During the past year I have carried on correspondence with Cardinal Giovanni Re, the head of the Congregation for Bishops, regarding this request. However, some time ago he indicated that my request to defer my resignation was not acceptable. Finally, I decided to end the discussion. On January 21, 2006, I wrote to Pope Benedict asking him to accept my resignation from my office as auxiliary bishop to Cardinal Maida.
To pinch a line from Tom Stoppard's Travesties, Gumbleton was a man "who wished his total indifference to public notice to be universally recognised." His humility was spectacularly well-photographed, and journalists managed to make his private austerities as famous as his heterodox opinions. A minor league Archbishop Tutu, Gumbleton somewhat too obviously relished celebrity and celebrities, and was frequently pictured at Leftist rallies squeezed shoulder to shoulder with Martin Sheen and Eleanor Smeal and the other stars that get to hold the banner at the front of the march. The graf below from a decade-old radical newsblatt, concerning a Justice for Mumia Abu-Jamal demonstration, is typical:
A broad range of organizations and prominent individuals endorsed the demonstration, including former New Mexico governor Toney Anaya, actor Ed Asner, writer Alice Walker, Bishop Thomas Gumbleton, Jesse Jackson, and movie producer Oliver Stone.

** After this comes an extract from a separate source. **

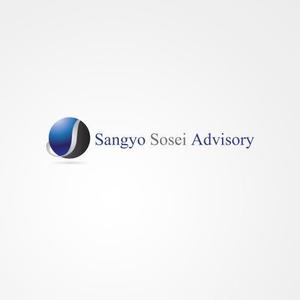 ligth (Serkyou)さんの「（日本語表記）産業創成アドバイザリー　（英語表記）Sangyo Sosei Advisory 」のロゴ製作への提案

Celebrated as a peace activist, Gumbleton has always been a strangely un-peaceful man himself. The homilies he posts at the NCR -- as a comparison with Mother Teresa's writings will show -- convey less love of the poor than bitterness at their oppressors: militarists, capitalists, ecclesiastics, etc. It's all about class warfare, in his view, and we shouldn't be surprised that his campaign for "peace" takes on that baleful truculence familiar from Marxist rhetoric. In latter years, Gumbleton added gay liberation to his roster of causes, and his recent announcement that, as a lad, he'd been sexually groped by a priest assured that he'd go out in a blaze of publicity.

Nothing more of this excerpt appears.